Look for the line that has "Raps mit Leuchtturm" in the material below; please repeat it and every line after it, exactly, up to and including the line that has "Green Parrot Briefkaart (Voorkant)", and nothing else.

▶ [Material to process]
::::

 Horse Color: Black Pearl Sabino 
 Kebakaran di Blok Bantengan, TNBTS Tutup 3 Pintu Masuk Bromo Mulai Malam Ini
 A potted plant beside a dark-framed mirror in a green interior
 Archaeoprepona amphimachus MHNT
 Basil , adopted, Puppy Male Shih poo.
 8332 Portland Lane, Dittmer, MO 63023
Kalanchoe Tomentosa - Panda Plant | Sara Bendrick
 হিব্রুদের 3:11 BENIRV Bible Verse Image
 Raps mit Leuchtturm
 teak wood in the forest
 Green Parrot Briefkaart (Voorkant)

::::

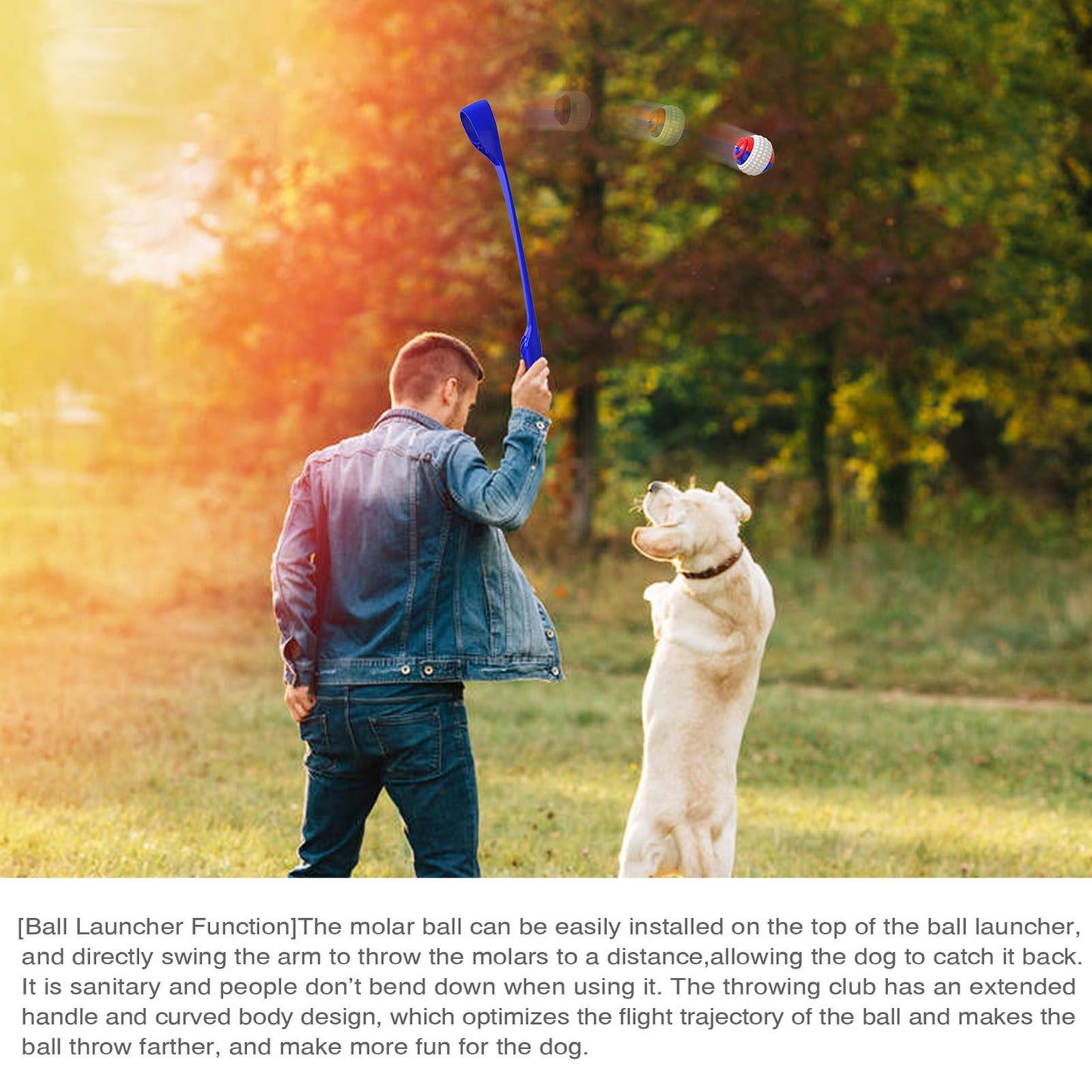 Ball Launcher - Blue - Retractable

::::

▶ [Result of this exercise]
 Raps mit Leuchtturm
 teak wood in the forest
 Green Parrot Briefkaart (Voorkant)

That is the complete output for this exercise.